The three clinics are Seke South Clinic in Unit L, Chitungwiza, Spilhaus Clinic at Harare Central Hospital, Southerton, Harare and Zengeza Three Clinic, Chitungwiza. 
Dr Mgodhi said the study targeted women because of the more than 34 million people living with HIV, more than half are women.
According to experts, women are twice as likely as men to acquire HIV due in part, to biological factors that make them more susceptible.
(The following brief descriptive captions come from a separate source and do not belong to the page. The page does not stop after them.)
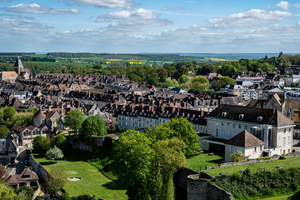 Enlèvement arbre urgence Montluçon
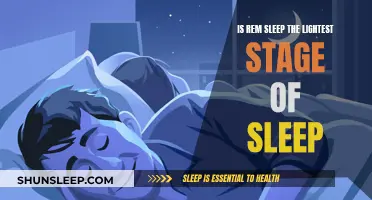 REM Sleep: Lightest Stage or Deep Sleep's Cousin?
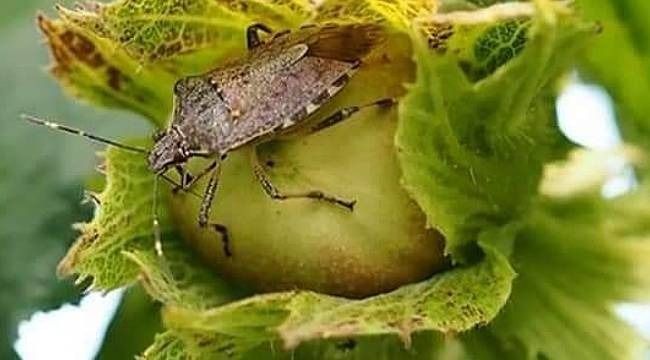 Kahverengi kokarca böceği ile mücadele devam ediyor! Çok tehlikeli üretime zarar veriyor! 6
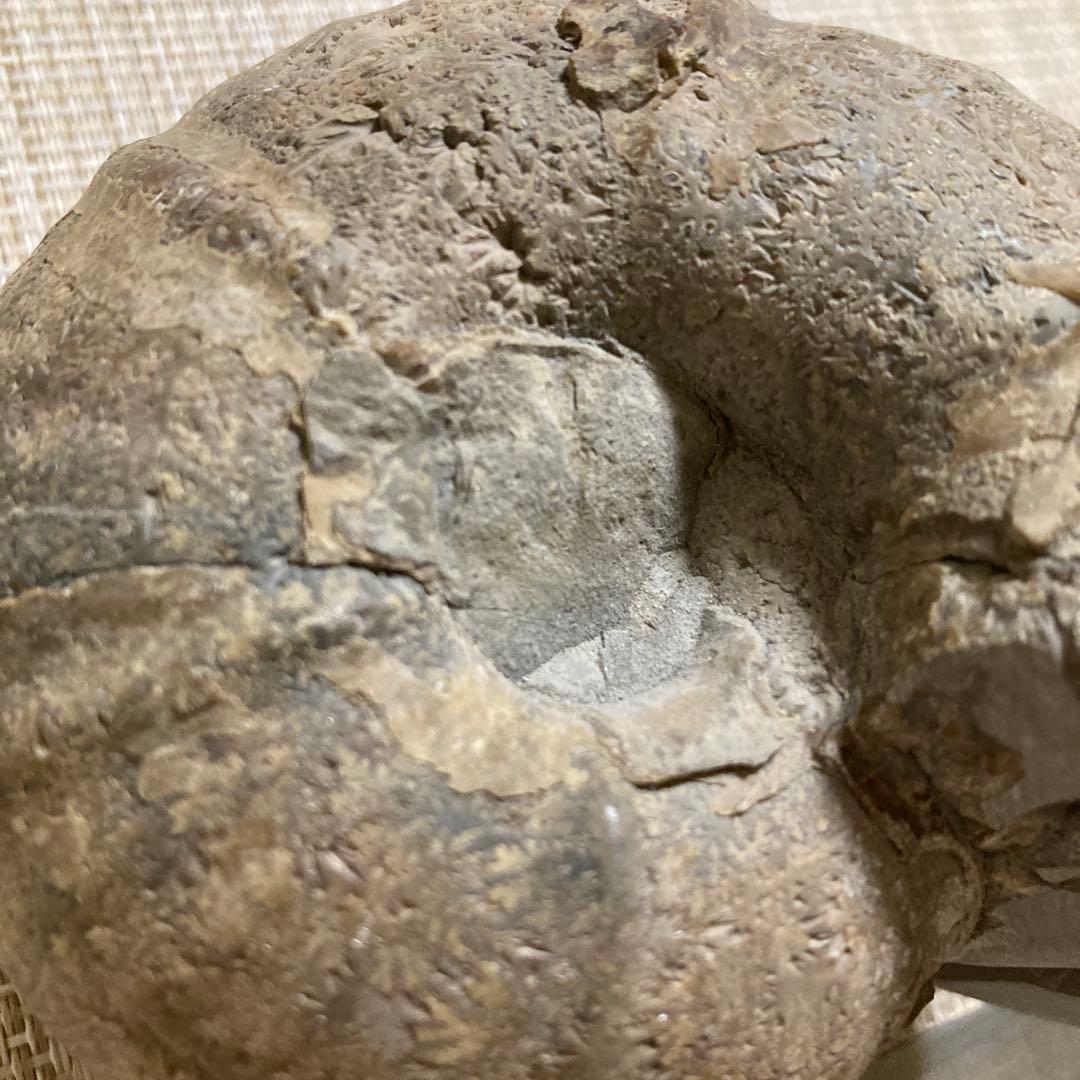 アンモナイト化石 約11cm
“In Zimbabwe, young women are up to five times more likely to become infected with HIV than young men,” said Dr Mgodhi.
“Efforts to promote abstinence, monogamy and the use of male condoms have not been enough to stop the HIV epidemic in Zimbabwe and all over the world.
“There is an urgent need for effective prevention strategies that Zimbabwean women can control and that they are willing and able to use.
“ASPIRE therefore represents a major step forward in the evaluation of a promising female-controlled method that potentially could provide women with discreet, long-acting protection.”
Dr Mgodhi, however, bemoaned the fact that participants were not sticking to the regimen of the experiment.
“The ASPIRE study team is reminding the ASPIRE study women, their partners and communities that using the Dapivirine ring all the time as instructed is the only way to come up with evidence required for licencing,” she said.
To date the study has enrolled, over 3 000 women across all the 15 sites of experiment.
About 675 women in the country are on the trial programme.
A team of ASPIRE study doctors known as the Protocol Safety Review Team continually monitors information coming from all the 15 sites to ensure the optimal health of women taking part in the study.
Studies to date have also show that use of the Dapivirine ring is safe and well-tolerated by women, and that among women in Africa, the vaginal ring itself is highly acceptable as a potential method for HIV prevention.